The surgical procedure may slightly slow the pet’s metabolism, as will normal aging, and it will then burn calories off more slowly; therefore it may require less food. Keep in mind the surgery doesn’t cause the weight gain, eating too much does and you have control over that.

Let us explore four typical settings we veterinarians encounter when presented with a pet that is overweight. See if any of these sound familiar! The quotes are the usual responses pet owners give us when we politely suggest that “perhaps your pet would benefit by losing some weight”…

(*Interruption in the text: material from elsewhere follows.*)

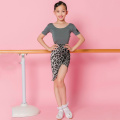 Latin Dance Leotards For Girls Training Tops Backless Dancewear Samba Bodysuit Salsa Dress Short Sleeves Latina Tops Kids BL4739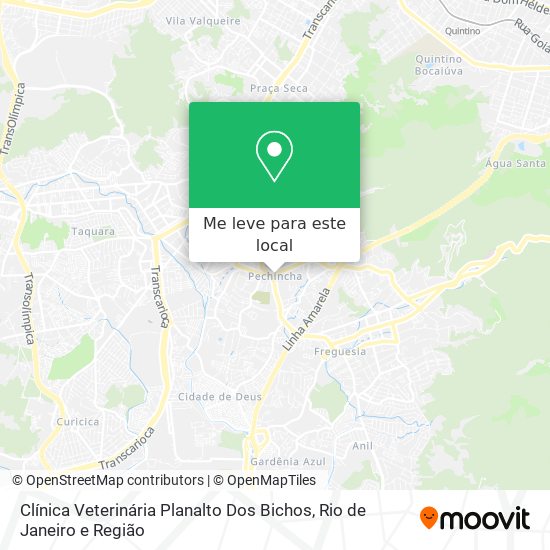 Clínica Veterinária Planalto Dos Bichos mapa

  •  Type I: THE NIBBLER: “But doctor, she hardly eats a thing.” This pet probably has food out for it all day and nibbles a little at a time. When dinner time comes and the pet picks at the left-overs, it will take the choicest morsels, leave the rest, and still appear not to have eaten very much. However over a 24 hour period “THE NIBBLER’S” total calorie intake is excessive and it gains weight.
  • Type II: THE BEGGAR: “But doctor, this rascal won’t keep quiet unless she gets her treats. And she won’t go to sleep at night until she gets her little dish of ice cream.” What has happened here is that the pet has discovered that the more noise and fussing it produces the more likely it is to be rewarded for this behavior. The owner finally “gives in” to keep the pet quiet and the pet sees the food as a reward. In effect the owner is training “The Beggar” by rewarding its behavior. It turns into a fun game but the pet’s health may suffer if obesity is the result.
  • Type III: THE GOOD DOG: “But doctor, she’s such a good dog we don’t want her to go hungry.” This pet became overweight because the owner’s signal of affection for their pet has focused on feeding. (Usually each family member secretly offers treats to the pet…and doesn’t know the other family members are doing exactly the same thing!) It is an understandable trait but unfortunately for the pet it can be a case of too much of a good thing. The owners’ method of showing affection should be directed more toward physical activity than feeding. Think “FETCH” not “FOOD”!
  • Type IV: THE GOURMET DOG: “But doctor, she just refuses to eat dog food.” In this case the pet has trained its owners to feed it such things as chicken, liver, ice cream, cookies, etc. Although most table scraps are just fine to feed, (stay away from bones of any kind!) this pet has been given a choice of what it wants to eat and has chosen certain people food.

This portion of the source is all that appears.